Aleksandra Kurzak, qui a triomphé avec sa Violetta à l’Opéra de Paris il y a deux mois à peine, aborde le personnage de Luisa avec une aisance qui s’affirme pendant les trois actes où elle peint l’évolution des sentiments de Luisa. Avec une invincible tendresse, elle emporte son héroïne de l’ingénuité amoureuse la plus tendre aux tourments du désespoir, à la révolte, au renoncement, aux dérives d’un sacrifice qui la torture jusqu’à cet empoisonnement qui serait atroce si elle ne faisait triompher en mourant l’amour et la vérité.

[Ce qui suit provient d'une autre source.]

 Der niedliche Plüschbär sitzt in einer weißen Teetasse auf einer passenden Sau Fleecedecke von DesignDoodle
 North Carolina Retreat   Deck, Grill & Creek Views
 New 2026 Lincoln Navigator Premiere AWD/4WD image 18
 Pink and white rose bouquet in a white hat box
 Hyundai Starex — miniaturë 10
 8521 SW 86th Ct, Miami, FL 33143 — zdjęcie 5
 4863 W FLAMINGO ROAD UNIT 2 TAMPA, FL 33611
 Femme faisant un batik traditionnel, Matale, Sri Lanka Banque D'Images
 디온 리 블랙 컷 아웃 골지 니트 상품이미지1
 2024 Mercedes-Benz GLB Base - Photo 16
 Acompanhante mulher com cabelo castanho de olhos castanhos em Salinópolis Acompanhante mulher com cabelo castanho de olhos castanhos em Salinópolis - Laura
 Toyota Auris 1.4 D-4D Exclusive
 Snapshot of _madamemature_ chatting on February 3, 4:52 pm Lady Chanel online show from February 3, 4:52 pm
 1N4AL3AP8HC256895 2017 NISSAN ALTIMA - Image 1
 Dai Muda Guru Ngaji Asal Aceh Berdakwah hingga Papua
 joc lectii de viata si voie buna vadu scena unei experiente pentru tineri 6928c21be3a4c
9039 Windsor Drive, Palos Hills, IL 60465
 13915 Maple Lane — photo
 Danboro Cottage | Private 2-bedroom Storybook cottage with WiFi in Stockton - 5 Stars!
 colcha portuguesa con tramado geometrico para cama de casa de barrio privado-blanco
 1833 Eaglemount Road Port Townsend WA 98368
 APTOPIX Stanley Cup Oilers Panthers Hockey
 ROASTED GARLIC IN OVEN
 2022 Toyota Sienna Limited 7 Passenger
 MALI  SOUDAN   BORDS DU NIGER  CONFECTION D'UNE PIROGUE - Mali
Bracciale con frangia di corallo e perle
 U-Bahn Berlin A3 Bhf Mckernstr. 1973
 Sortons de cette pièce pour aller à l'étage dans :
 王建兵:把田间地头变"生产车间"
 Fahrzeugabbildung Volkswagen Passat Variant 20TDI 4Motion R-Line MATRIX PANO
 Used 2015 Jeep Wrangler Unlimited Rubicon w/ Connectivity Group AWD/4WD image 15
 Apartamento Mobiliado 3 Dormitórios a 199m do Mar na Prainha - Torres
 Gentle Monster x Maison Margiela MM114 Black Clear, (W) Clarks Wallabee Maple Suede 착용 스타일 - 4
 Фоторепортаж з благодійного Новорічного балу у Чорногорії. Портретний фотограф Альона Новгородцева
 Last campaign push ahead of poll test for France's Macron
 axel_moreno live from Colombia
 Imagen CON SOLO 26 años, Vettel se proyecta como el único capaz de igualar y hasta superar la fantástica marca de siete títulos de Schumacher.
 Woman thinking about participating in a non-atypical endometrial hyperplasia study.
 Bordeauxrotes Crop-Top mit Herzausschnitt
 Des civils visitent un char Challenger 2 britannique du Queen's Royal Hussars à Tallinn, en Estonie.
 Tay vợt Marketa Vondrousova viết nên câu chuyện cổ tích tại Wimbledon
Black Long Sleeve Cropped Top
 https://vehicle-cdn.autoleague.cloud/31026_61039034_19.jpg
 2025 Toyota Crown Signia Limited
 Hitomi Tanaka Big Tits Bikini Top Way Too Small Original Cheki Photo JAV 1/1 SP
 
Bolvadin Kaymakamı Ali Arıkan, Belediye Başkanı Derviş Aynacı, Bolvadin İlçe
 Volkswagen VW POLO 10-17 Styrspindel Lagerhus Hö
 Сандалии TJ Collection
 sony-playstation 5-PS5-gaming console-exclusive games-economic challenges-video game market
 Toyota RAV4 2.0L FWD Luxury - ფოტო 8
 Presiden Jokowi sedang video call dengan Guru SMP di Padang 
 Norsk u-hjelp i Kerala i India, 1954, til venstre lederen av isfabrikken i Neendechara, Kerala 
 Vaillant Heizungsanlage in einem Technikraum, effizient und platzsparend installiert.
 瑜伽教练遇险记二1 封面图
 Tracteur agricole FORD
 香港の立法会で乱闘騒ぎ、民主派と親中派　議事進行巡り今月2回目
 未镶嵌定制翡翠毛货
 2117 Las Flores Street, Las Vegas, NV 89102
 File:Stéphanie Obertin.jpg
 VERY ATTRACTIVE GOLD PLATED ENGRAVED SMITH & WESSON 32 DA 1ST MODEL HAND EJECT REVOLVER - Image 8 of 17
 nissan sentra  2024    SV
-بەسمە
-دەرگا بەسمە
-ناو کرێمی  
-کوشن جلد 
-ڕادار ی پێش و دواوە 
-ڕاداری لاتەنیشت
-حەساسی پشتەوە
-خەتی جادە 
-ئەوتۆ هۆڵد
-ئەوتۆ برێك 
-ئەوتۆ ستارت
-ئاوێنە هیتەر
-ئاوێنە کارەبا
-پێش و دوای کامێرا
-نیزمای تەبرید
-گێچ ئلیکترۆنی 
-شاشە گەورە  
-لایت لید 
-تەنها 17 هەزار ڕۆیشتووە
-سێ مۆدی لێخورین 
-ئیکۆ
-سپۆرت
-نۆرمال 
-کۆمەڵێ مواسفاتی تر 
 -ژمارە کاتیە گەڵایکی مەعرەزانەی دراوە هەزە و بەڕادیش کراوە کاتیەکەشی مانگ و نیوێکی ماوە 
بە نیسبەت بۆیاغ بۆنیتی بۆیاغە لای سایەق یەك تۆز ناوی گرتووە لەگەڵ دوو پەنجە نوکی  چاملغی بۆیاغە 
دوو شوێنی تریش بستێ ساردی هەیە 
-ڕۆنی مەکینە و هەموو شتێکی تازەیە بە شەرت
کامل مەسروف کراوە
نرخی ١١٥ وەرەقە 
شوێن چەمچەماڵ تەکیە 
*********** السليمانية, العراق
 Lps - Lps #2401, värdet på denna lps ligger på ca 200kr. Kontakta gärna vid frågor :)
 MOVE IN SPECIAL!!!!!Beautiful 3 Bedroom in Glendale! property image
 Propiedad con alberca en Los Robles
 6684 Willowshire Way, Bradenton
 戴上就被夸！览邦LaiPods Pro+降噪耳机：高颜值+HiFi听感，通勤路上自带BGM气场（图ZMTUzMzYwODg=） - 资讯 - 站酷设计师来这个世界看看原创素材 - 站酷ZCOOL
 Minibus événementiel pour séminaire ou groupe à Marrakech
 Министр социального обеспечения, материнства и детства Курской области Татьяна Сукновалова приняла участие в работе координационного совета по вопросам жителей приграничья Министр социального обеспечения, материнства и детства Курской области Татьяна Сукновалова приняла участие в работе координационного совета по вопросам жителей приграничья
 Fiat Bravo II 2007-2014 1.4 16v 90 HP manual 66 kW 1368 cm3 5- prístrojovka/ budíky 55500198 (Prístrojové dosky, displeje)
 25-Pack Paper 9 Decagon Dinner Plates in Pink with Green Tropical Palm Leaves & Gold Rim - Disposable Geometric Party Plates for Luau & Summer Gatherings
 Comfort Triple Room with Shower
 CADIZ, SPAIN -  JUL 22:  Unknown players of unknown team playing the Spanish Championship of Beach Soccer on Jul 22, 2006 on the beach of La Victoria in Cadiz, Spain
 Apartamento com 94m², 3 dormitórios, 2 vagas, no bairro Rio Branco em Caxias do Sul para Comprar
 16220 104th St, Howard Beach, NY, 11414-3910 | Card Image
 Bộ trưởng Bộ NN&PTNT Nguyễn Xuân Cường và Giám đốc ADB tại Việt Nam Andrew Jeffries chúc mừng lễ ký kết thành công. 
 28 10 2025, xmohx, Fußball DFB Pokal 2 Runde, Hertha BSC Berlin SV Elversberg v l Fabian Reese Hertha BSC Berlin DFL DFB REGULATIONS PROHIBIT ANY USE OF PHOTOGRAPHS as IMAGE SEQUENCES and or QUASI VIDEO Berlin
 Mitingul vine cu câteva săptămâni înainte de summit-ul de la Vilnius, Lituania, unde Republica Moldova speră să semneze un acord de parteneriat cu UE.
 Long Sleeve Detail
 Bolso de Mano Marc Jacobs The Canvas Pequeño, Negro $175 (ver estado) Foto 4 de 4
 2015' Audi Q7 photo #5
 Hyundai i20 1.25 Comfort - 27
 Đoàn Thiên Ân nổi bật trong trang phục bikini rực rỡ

Roberto Alagna, une légende
Roberto Alagna, qui est à Monaco une légende, chante sur les scènes du Rocher depuis le deuxième Alfredo de sa carrière, en 1989 (1). Après avoir remporté le concours Pavarotti et terminé la saison à Glyndebourne, ayant distribué tous ses cachets à sa famille, il dépensait la monnaie au baby-foot avec ses copains, quand il a été pressenti par Monte-Carlo. Décidé à rendre au Rocher son prestige international, John Mordler a auditionné lui-même le débutant époustouflant. Lui, pas un sou en poche, venu à pied de Nice en débarquant de son avion, avait déniché un hôtel garni… de cafards. De sa suite cinq étoiles, architecture boite à sardines internationale, il rêve parfois peut-être à ce gamin génial venu des banlieues pauvres qui commençait la conquête du monde de l’Opéra. De ce deuxième Alfredo au Rodolfo de Luisa Miller, une chose n’a pas changé, Roberto Alagna entre dans un personnage avec tout ce qu’il est, pour l’habiter et le donner.

Il donne au public et à ceux qui partagent avec lui le plateau : le chef, ses partenaires, les chœurs vers lesquels il se tourne parfois, les bras ouverts.
Lorsque Rodolfo et Roberto Alagna ne sont plus qu’un, la salle est, comme Luisa, émue aux larmes et que son personnage mente ou verse le poison, elle pardonne tout au héros qu’il incarne.
Avec la suavité d’une voix qui bouleverse, avec les sentiments qui se succèdent sur son visage, Roberto Alagna crée un Rodolfo plus touchant et plus poétique que celui du livret et de la partition.
. ( 1 ) Roberto Alagna, Je ne suis pas le fruit du hasard, Grasset, 2007, pp. 238, 239.
Jacqueline Dauxois, Quatre Saisons avec Roberto Alagna, Le Rocher, 2017, p 58 et seq.